Normal Created 14m (x4 over 15m) kubelet, minikube Created container
Normal Started 14m (x4 over 15m) kubelet, minikube Started container
Warning BackOff 33s (x70 over 15m) kubelet, minikube Back-off restarting failed container
To run containers that have shortlived workloads, you should run them as Kubernetes a jobs or cronjobs object. We’ll cover them later.
Ongoing Workloads (eg2-ongoing)
Lets say you still want to use the centos image for the primary container in your pod. That’s still possible, by overriding the centos image’s default ENTRYPOINT/CMD, with an ongoing command/script using the command+args settings:
---
apiVersion: v1
kind: Pod
metadata:
name: pod-centos
labels:
component: centos
spec:
containers:
- name: cntr-centos
image: centos
command: ["/bin/bash", "-c"] # this starts a bash terminal and feeds the args content into it
args: # the args section here is used to store a small shell script
- |
while true ; do
date
sleep 10
done
Here we used the following settings:
pod.spec.containers.command
– This overrides/adds the docker images ‘ENTRYPOINT’ setting.pod.spec.containers.args
– This override/adds the docker images ‘CMD’ setting
Here we’re feeding an infinite while loop to keep the pod running continuously:
$ kubectl get pod
NAME READY STATUS RESTARTS AGE
pod-centos 1/1 Running 0 15s
We specified the ‘date’ command in the while loop, so you can monitor the pods standard output for this info:
$ kubectl logs pod-centos -c cntr-centos
Mon Mar 11 12:14:01 UTC 2019
Mon Mar 11 12:14:11 UTC 2019
Mon Mar 11 12:14:21 UTC 2019
Mon Mar 11 12:14:31 UTC 2019
Mon Mar 11 12:14:41 UTC 2019
Mon Mar 11 12:14:51 UTC 2019
Mon Mar 11 12:15:01 UTC 2019
Mon Mar 11 12:15:11 UTC 2019
Mon Mar 11 12:15:21 UTC 2019
Mon Mar 11 12:15:31 UTC 2019
Mon Mar 11 12:15:41 UTC 2019
Mon Mar 11 12:15:51 UTC 2019
You can also monitor the pods standard output in realtime by using the logs -f flag:
kubectl logs -f pod-centos -c cntr-centos
Or connect your bash terminal directly to the pod’s standard output using the ‘attach’ command:
$ kubectl attach pod-centos
Defaulting container name to cntr-centos.
Use 'kubectl describe pod/ -n default' to see all of the containers in this pod.

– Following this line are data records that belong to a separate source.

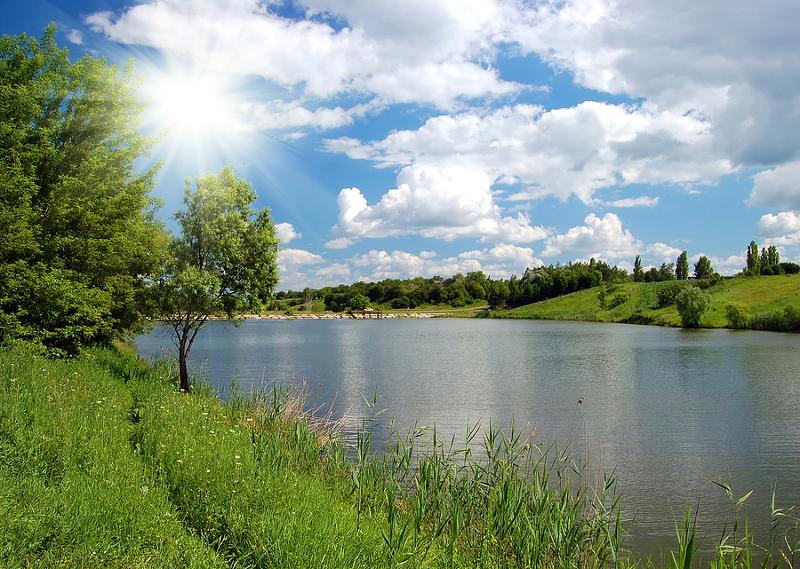 Summer landscape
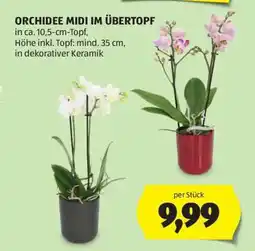 Hofer ORCHIDEE MIDI IM ÜBERTOPF Angebot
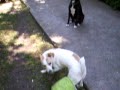 Reyna jugando con la pelota 8 11 09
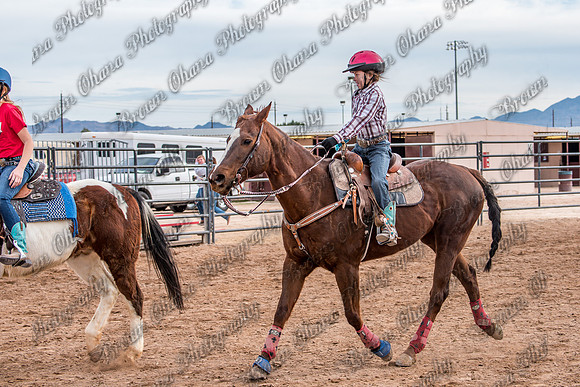 SNGA January2016 Peewee-13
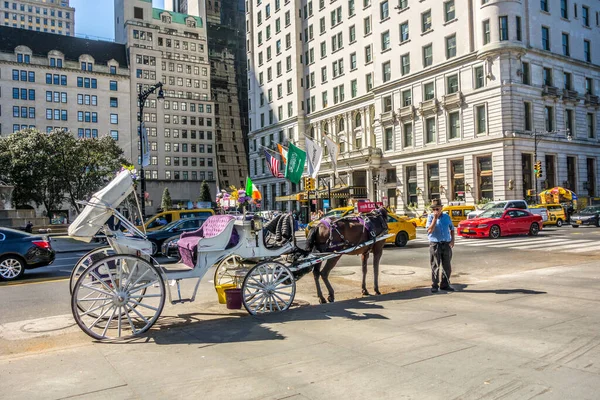 2017年10月4日 美国纽约 中央公园的马车夫和他的白色马车等候游客 — 图库照片
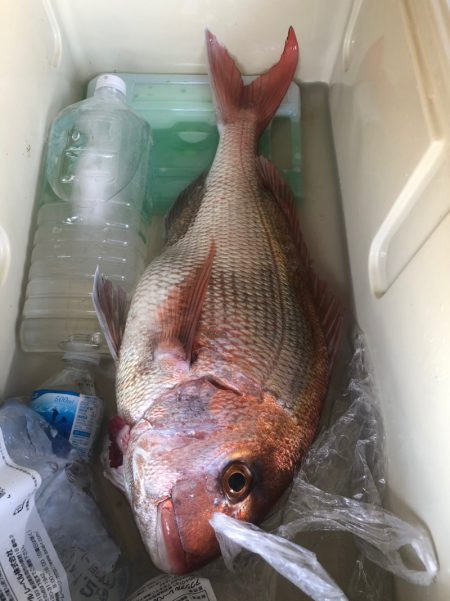 第二八坂丸 釣果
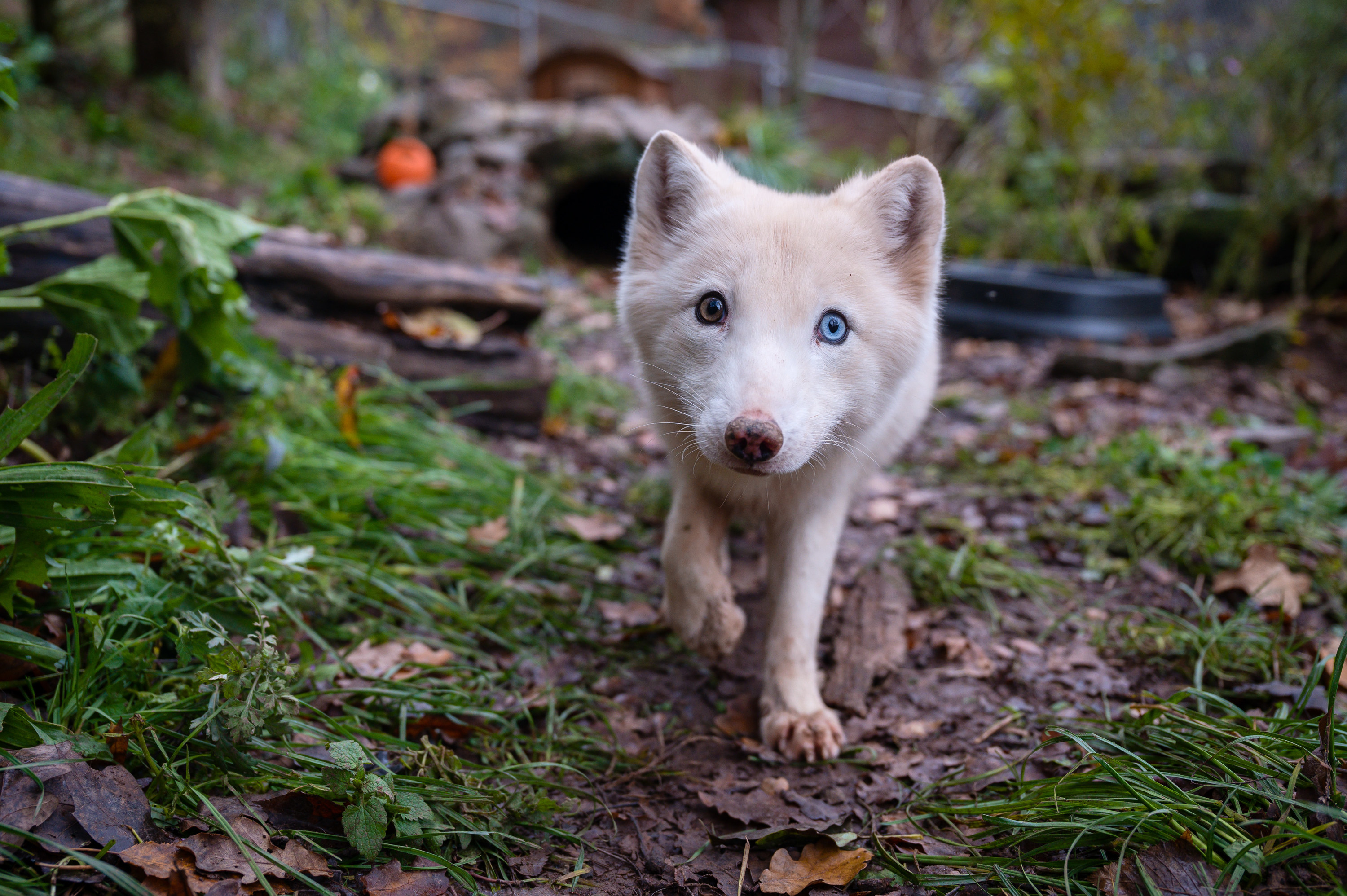 arctic fox looking at camera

If you don't see a command prompt, try pressing enter.
Mon Mar 11 12:21:51 UTC 2019
Mon Mar 11 12:22:01 UTC 2019
Mon Mar 11 12:22:11 UTC 2019
Mon Mar 11 12:22:21 UTC 2019
Mon Mar 11 12:22:31 UTC 2019
Mon Mar 11 12:22:41 UTC 2019
In this demo we use an image with an shortlived workload. However you can use this approach to replace a ongoing workload with another ongoing workload.
Other workloads
There could be times when you want to run commands/scripts in addition to the docker image’s CMD/Entrypoint, rather than over-riding it. Luckily there are other ways to inject commands/shellscripts into pods, using Poststart/PreStop hooks. We’ll cover them later.
You can also run non-primary containers with shortlived workloads using pod.spec.initContainers
, which will cover later.
You can also run other commands that periodically monitors the health of your pod’s containers. These are known as liveness and readiness probes. We’ll cover these later too.